Chapter 6: Deformation of Solids - Stress and Strain
Hello future engineers and physicists! This chapter might seem tough because it introduces a lot of new terms, but it’s incredibly important. We are going to explore how materials respond when you push or pull them. Understanding stress and strain is crucial for designing everything from suspension bridges to skyscrapers!
Don't worry if the formulas look complicated at first. We will break them down piece by piece and use simple analogies to make them stick.
6.1 Stress and Strain: The Basics
Forces Causing Deformation (Tensile and Compressive)
When an object changes its shape or size, we say it has undergone deformation. This change is caused by forces acting on the object.
- Tensile Forces: These forces try to stretch the material, pulling it apart. (Imagine pulling a rubber band). This causes extension.
- Compressive Forces: These forces try to squeeze or crush the material. (Imagine standing on a soda can). This causes compression.
Note: For this syllabus, we only consider deformation happening in one dimension (meaning the force acts along the length of the object).
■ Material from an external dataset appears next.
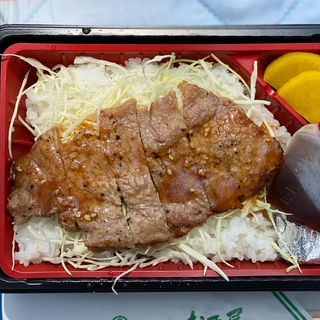 ステーキ丼(ホテル松原屋 )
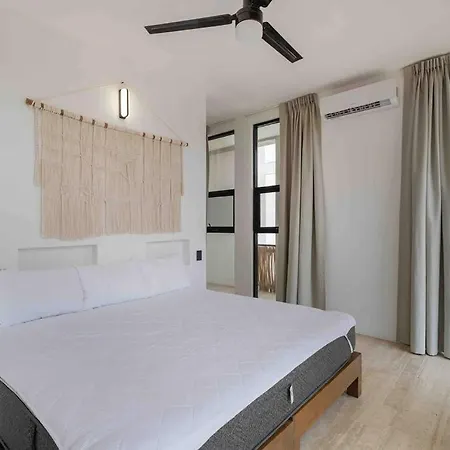 Brand New Just 5 Min To & Downtown! Apartment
Load, Extension, and the Limit of Proportionality
The applied force causing the deformation is often called the load.
When you apply a load to a spring or a wire, it extends. The change in length is called the extension (\(x\) or \(\Delta L\)).
Hooke’s Law
The most fundamental relationship in this section is Hooke's Law. It describes the behavior of many materials, especially springs, under small loads.
Definition: Hooke's Law states that the force (\(F\)) needed to extend or compress an object is directly proportional to the extension (\(x\)) or compression, provided the limit of proportionality is not exceeded.
Formula:
\[ F = kx \]
Where:
- \(F\) is the applied force (Load), measured in Newtons (N).
- \(x\) is the extension (or compression), measured in metres (m).
- \(k\) is the spring constant or stiffness constant, measured in Newtons per metre (\(\text{N m}^{-1}\)).
The spring constant, \(k\), tells you how stiff a material is. A large \(k\) means the material is very stiff and hard to stretch.
Limit of Proportionality: This is the point on a Force-Extension graph beyond which the relationship \(F \propto x\) is no longer valid. The line stops being a straight line through the origin.
Hooke’s Law is the linear relationship (\(F=kx\)). It only works up to the Limit of Proportionality.
6.2 Stress, Strain, and the Young Modulus
Force (\(F\)) and Extension (\(x\)) are useful for a specific object (like a specific spring). But if you want to compare materials—say, comparing steel and aluminum—you need measures that don't depend on the object's specific dimensions (length and thickness).
This is why we use Stress and Strain.
1. Stress (\(\sigma\))
Stress is a measure of the force acting per unit cross-sectional area.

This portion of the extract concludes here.